6.5.2 Bifurcation Analysis
The table below presents an overview of the bifurcation analysis
                    of redemption features embedded in an equity host contract. An entity should
                    always consider the terms and conditions of a specific feature in light of all
                    the relevant accounting guidance before reaching a conclusion.
                | 
                                         Bifurcation Condition 
                                     | 
                                         Condition Met? 
                                     | 
                                         Analysis 
                                     | 
|---|---|---|
| 
                                         Not clearly and closely related 
                                     | 
                                         Yes 
                                     | 
                                         Put and call options are not considered
                                            clearly and closely related to an equity host contract
                                            since the risks and rewards of a fixed settlement upon
                                            redemption are not clearly and closely related to the
                                            risks and rewards of an equity interest.
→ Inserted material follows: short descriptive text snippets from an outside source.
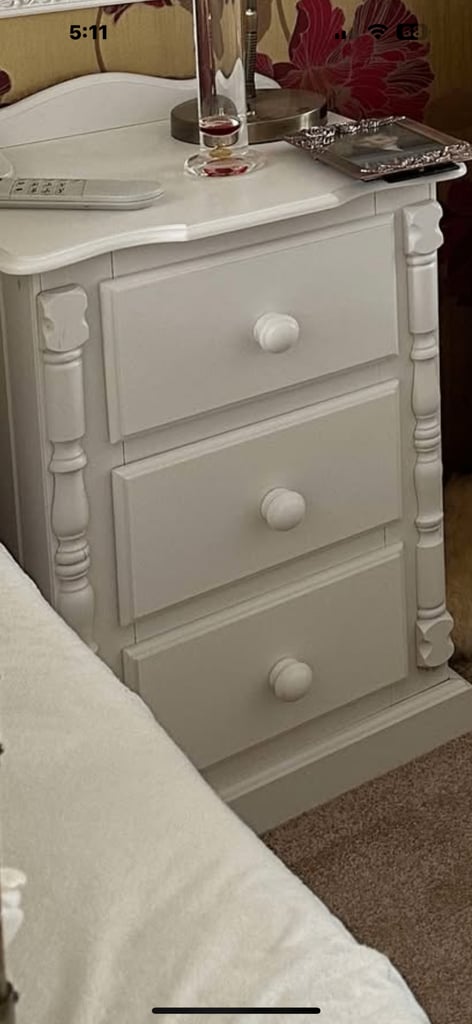 White Bedside table was left over from a set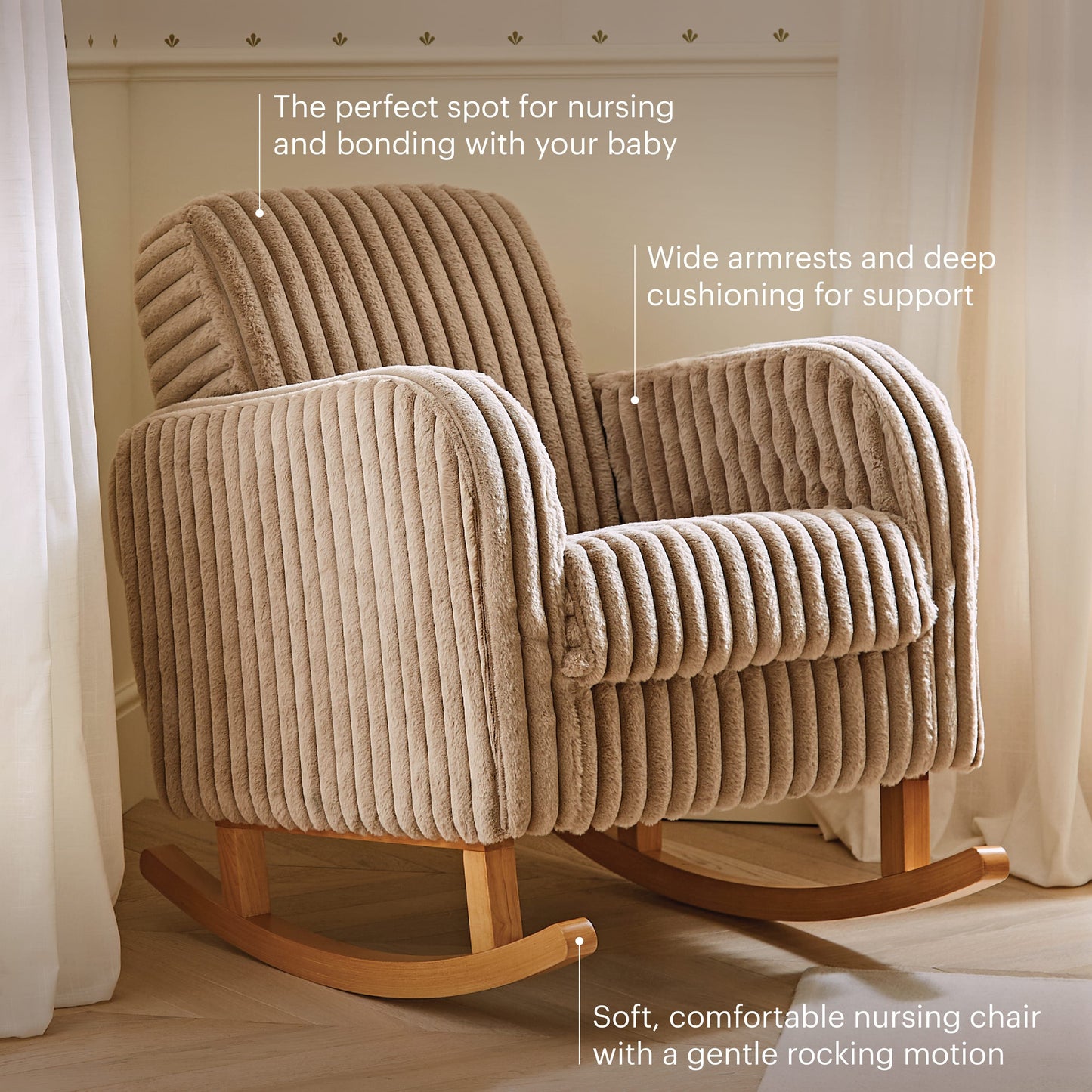 Cuddle Co Etta Faux Fur Nursing Chair - Mink Cuddle Co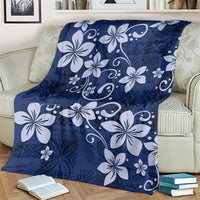 Plumeria Floral Tapa Pattern Navy Blue Blanket
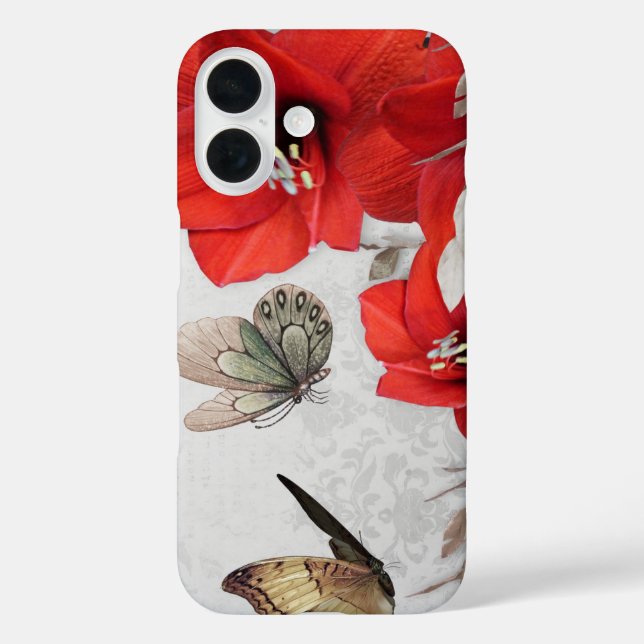 Pour iPhone 16 joli coque de fleurs rouges papillons (Verso)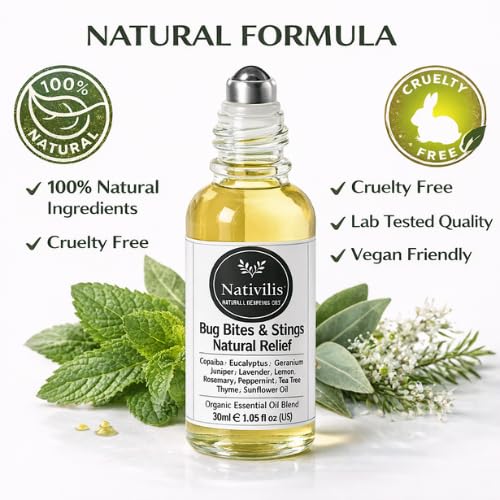 Nativilis Natural Relief for bug bites stings mosquito nettle fleas - Organic Essential Oil Formula - Roll on ball Stainless Steel Ideal Capacity 30ml Daily Use Travel Easy to carry in your purse/bag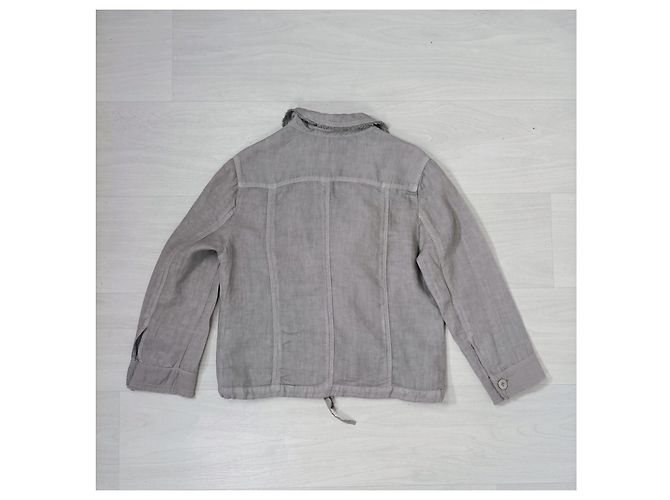 Kurze Jacke in Taubenfarbe aus Leinen von Max & Co. Grau - Ansicht 6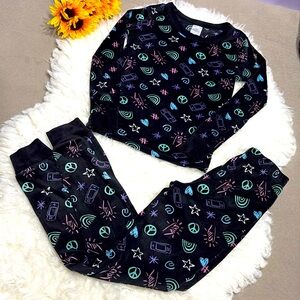 Calvin Klein Kids Black Long Sleeve Print Tee & Pants 2-piece Pajamas Set Size 6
In the
                                            evaluation of this criterion, an entity should consider
                                            the payoff profile of the settlement (see Section
                                                4.2.2) rather than the form of settlement
                                            (i.e., cash versus shares). 
                                     | 
| 
                                         Hybrid instrument not measured at fair
                                            value through earnings on a recurring basis 
                                     | 
                                         It depends 
                                     | 
                                         From the issuer’s perspective, equity
                                            host contracts are not measured at fair value on a
                                            recurring basis since they are not eligible for the fair
                                            value option in ASC 815-15 or ASC 825-10. Legal form
                                            equity contracts that require liability classification
                                            (and thus are potentially subject to recurring fair
                                            value measurement) would not typically be considered
                                            equity hosts in the evaluation of embedded features. 
                                        From the holder’s perspective, the
                                            determination of whether the hybrid instrument is
                                            measured at fair value, with changes in fair value
                                            recorded through earnings, depends on whether the
                                            instrument is (1) an equity method investment, (2)
                                            considered a debt security within the scope of ASC 320
                                            (and whether the holder has elected to apply the fair
                                            value option), or (3) an equity security within the
                                            scope of ASC 321. 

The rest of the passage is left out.